American science writer

Laurel A. Neme is an American writer and consultant in environmental and wildlife policy and natural resource management. She is the author of the book Animal Investigators: How the World's First Wildlife Forensics Lab Is Solving Crimes and Saving Endangered Species. She has worked as a consultant for the United States Department of the Treasury, the World Bank, bilateral donors such as United States Agency for International Development (USAID), and non-governmental organizations including the Environmental Defense Fund, The Nature Conservancy, and the World Wildlife Fund.

==Education==
Laurel A. Neme holds a PhD in international and public affairs from Princeton University and a master's degree in Public Policy and a B.A. in political science from the University of Michigan.

==Career==
=== Animal Investigators (2009) ===
Neme's 2009 book Animal Investigators describes the work of the Clark R. Bavin National Fish and Wildlife Forensic Laboratory in Ashland, Oregon, which investigates crimes against wildlife. It is described as "a CSI for wildlife," the first and only crime lab of its kind. She has appeared on numerous radio and television shows to talk about the emerging science of animal forensics and the $20 billion worldwide business of smuggling wildlife and wild animal parts. Time magazine also interviewed her about the wildlife black market and the attempts to investigate and stop it. Interest in the lab reportedly "soared" following the book's publication.

A review of the book in E–The Environmental Magazine noted that "Those who enjoy the inner workings of a walrus dissection will appreciate Neme's attention to detail. [...] There's a lot of potential here, but more particulars than the average reader (or CSI-watcher) is likely to want to sift through." The book was also reviewed in the Australian Journal of Forensic Sciences, New Scientist, and The Oregonian.

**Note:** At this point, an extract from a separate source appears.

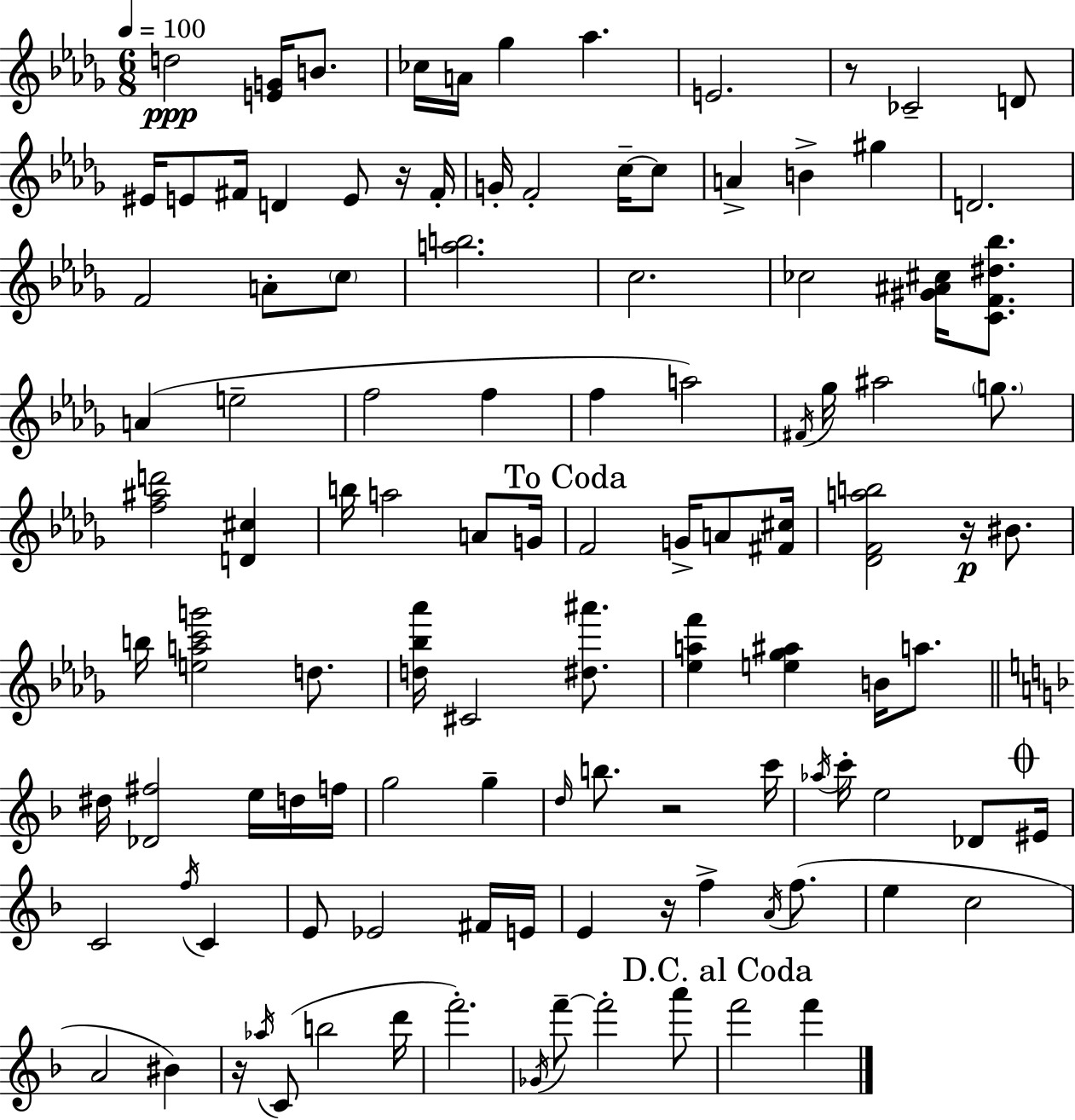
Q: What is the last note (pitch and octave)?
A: F6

=== Writing and radio broadcasting ===
Neme works as a writer/editor for Earth Negotiations Bulletin, a publication of the International Institute for Sustainable Development (IISD) Reporting Services, that covers major international environmental negotiations and meetings, such as the Convention on International Trade in Endangered Species (CITES). She has also published numerous documents, ranging from Annual Reports to Congress for the United States Treasury Department to government technical reports for USAID and other organizations such as Nature Conservancy, the Environmental Defense Fund, and Rainforest Action Network. She has been published in academic journals including the Journal of Modern African Studies and more popular online venues such as her own blog and other independent sites, including the online conservation publication Mongabay. Neme is the host of the radio program The Wildlife in Burlington, Vermont.

Neme has also written informational picture books. Orangutan Houdini, illustrated by Kathie Kelleher, was published in 2014 by Bunker Hill Publishing. A review of the book in Kirkus Reviews described the work as an "interesting exploration of animal intelligence for budding zoologists". The Elephant's New Shoe (2020) was written with the Wildlife Alliance, illustrated by Ariel Landy, and published by Orchard Books, an imprint of Scholastic. The reviewer for Kirkus Reviews called it a "captivating story".